__DIRECTIONS FOR THIS TASK__.
Would you please repeat, word for word, only the lines from the one holding "Línea de escape Akrapovic TMAX 560 (25-26)" through the one holding "MTD 31AE6LLG722 Operator's Manual" in the material below, without the pictures?

__LISTED ENTRIES__.
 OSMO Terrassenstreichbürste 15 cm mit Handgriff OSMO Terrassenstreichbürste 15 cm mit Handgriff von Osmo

==

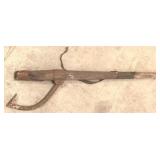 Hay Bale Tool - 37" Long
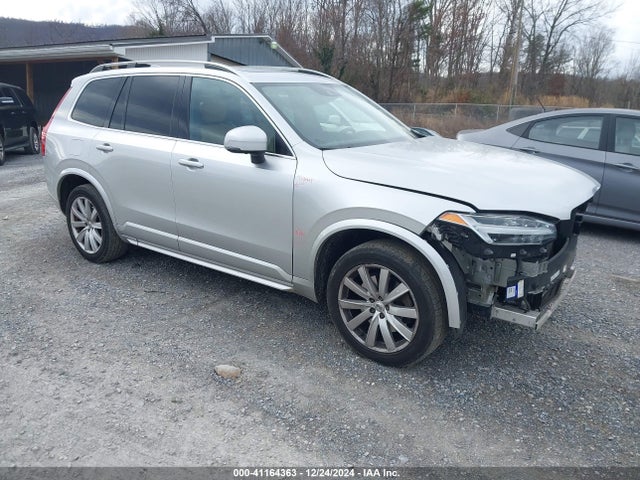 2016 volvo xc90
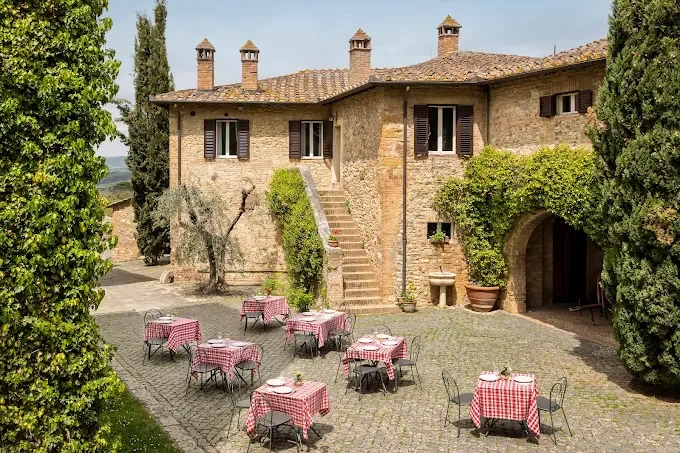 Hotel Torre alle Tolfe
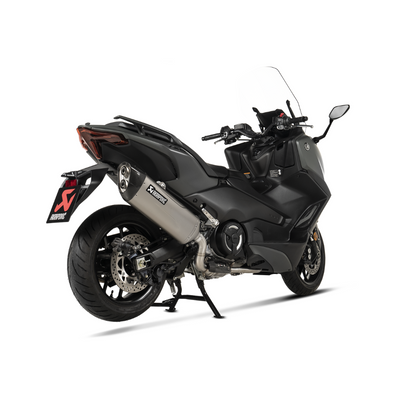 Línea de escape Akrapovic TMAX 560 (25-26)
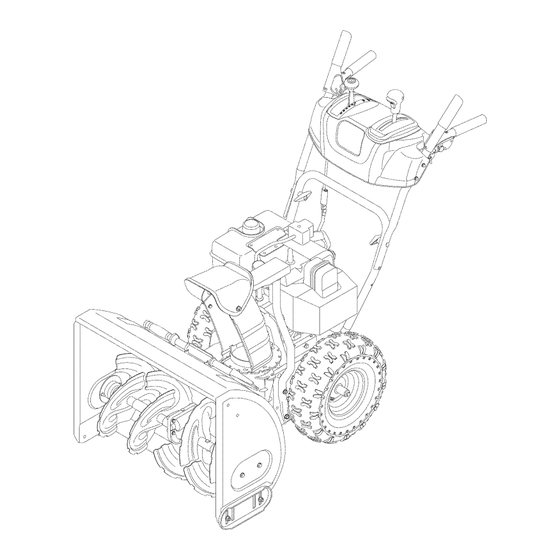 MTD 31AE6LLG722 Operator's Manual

__EXPECTED OUTPUT__.
 Línea de escape Akrapovic TMAX 560 (25-26)
 MTD 31AE6LLG722 Operator's Manual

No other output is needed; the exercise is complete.